Arellano was attached onto the Echo Park gang injunction in 2015 — without any charges or any hearing — because his father had been involved with a clique within an Echo Park gang. It turned his life into a state of “probation-like conditions,” as one ACLU attorney put it, despite Arellano’s claim that he is not a member of a gang.
So the ACLU and the Urban Peace Institute sued, on behalf of Arellano and another plaintiff.
On Sept. 7, a U.S. District Court judge granted the plaintiffs a preliminary injunction against their gang injunctions. For now, as the suit continues, they are free to be. And as a result of the case, officials at the LAPD and the city attorney’s office began auditing the rolls of its gang injunctions to see if other people might be on there unfairly.
This week the city attorney said it removed approximately 7,300 people from its list of 8,900 under injunctions, dramatically reducing the figure by 82 percent. That’s more or less an admission that the campaign to spread gang injunctions is ineffective, at least — if not unconstitutional, as its critics argue.
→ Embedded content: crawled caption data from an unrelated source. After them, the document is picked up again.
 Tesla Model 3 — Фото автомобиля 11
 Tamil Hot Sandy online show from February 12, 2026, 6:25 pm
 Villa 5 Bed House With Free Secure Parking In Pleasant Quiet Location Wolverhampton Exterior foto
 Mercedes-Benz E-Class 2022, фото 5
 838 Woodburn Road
Additionally, the city decided in September to give people a chance to appeal their placement on a gang injunction within a 30-day period, and that any future injunctions will have a five-year expiration date unless new evidence surfaces to warrant an extension. Previously a gang injunction was forever.
— Urban Peace (@UrbanPeaceInst) September 8, 2017
Gang injunctions create Kafkaesque scenarios, like people not being able to ride in cars together to places like school or church if they both appear on one. You cannot be seen “anywhere in public view, in a public space” with anyone else who appears on a gang injunction. According to the city, 46 injunctions are in place targeting gangs in L.A.
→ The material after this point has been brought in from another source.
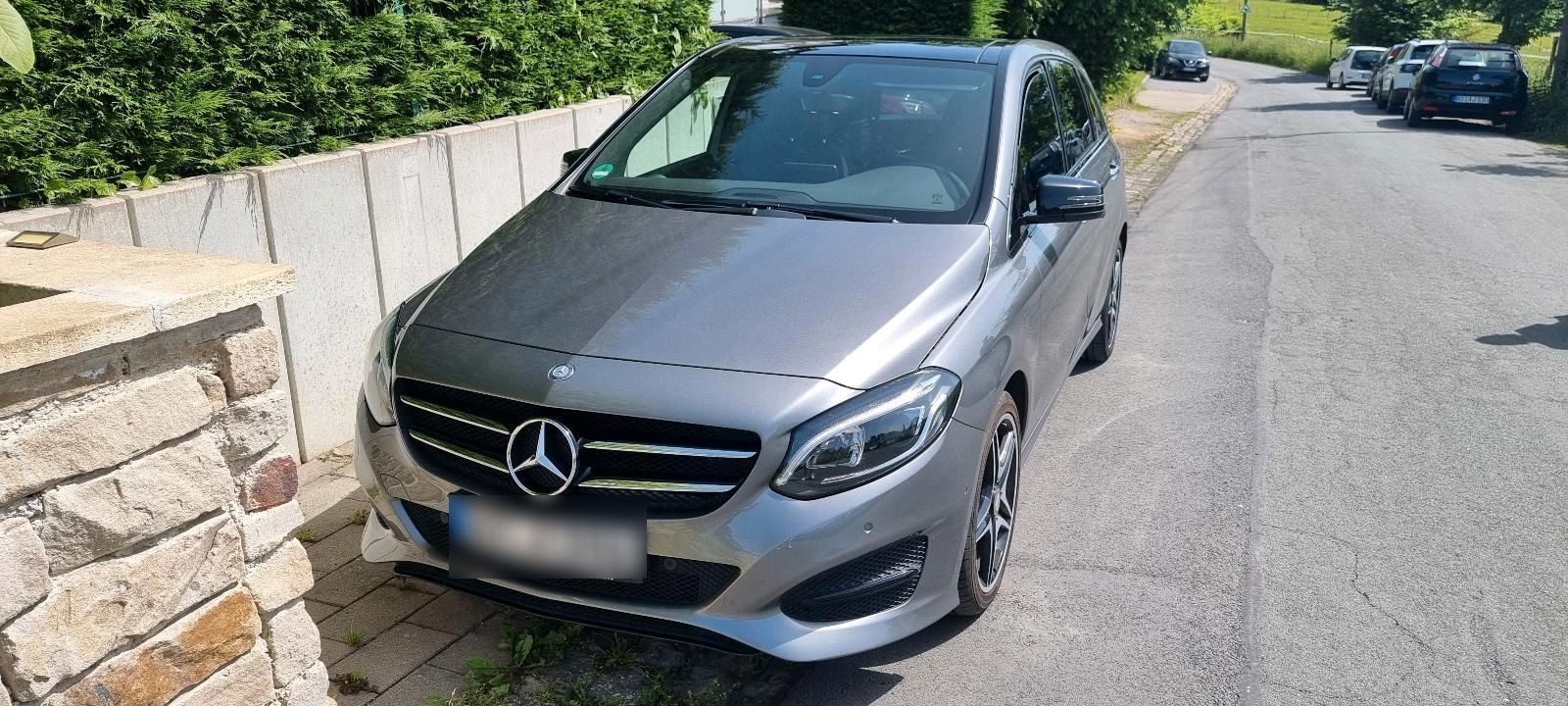 MERCEDES-BENZ B 200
Melanie Ochoa, a staff attorney at the ACLU in L.A., said the city’s gang injunctions have proven themselves to have a “huge risk of error.” In an interview with L.A. TACO, Ochoa said worry is also growing that the injunctions are being used as tools in another process negatively affecting people’s lives: gentrification.
“That’s been a concern for a long time. In Echo Park, when this injunction came down in 2013, crime was at an all-time low in that neighborhood, and it was also gentrifying,” Ochoa said. The injunctions end up targeting and displacing “black and brown people,” she added.
Gang injunctions are a civil-criminal hybrid. An individual is placed on one because certain activities, dress, or behaviors are considered gang-related and therefore a “nuisance,” and are banned under a civil court order. Violating one is considered criminal contempt of a court order, and could lead to arrest — and jail time.
In 2015, journalist Sam Quinones told L.A. TACO that injunctions were only part of the reason that crime has dropped in Southern California since the gang warfare days of the 1990s.
“I believe gang injunctions have had a huge effect on gangs dispersing or moving indoors,” Quinones said at the time. “The Internet is keeping kids indoors. That’s another factor. There are many.”
Law enforcement leaders and advocacy groups argue the gang injunctions have helped reduce crime in Los Angeles and other cities, although researchers say that connection is tenuous and debatable. A spokesman for the city attorney’s office said letters were being sent out to the 7,300 people so far removed from L.A. gang injunctions in 2017.
“Many have steered away from gang life, having grown older and more responsible (‘aged out’) while others have left the neighborhood and no longer frequent the limited geographical area that the relevant injunction covers (‘safety zone’),” wrote Rob Wilcox, spokesman for the city attorney, in a statement. “Still others are in prison, while some have passed away.”
But that doesn’t mean that gang injunctions are over, or that the city no longer supports them.
“Based on the fact that they didn’t take everyone off these injunctions, to me, that lets us know the city of Los Angeles is not finished trying to enforce and use gang injunctions,” said Josh Green, staff attorney at Urban Peace Institute. “There is very limited evidence that gang injunctions serve any useful public safety end.”
Sean Garcia-Leys, another UPI attorney working on the case, also warned that the removal of these individuals from injunctions might not be reaching rank-and-file officers.
“We’ve already had a case of a person who received the [injunction removal] letter and was placed under arrest for an injunction violation,” Garcia-Leys told L.A. TACO.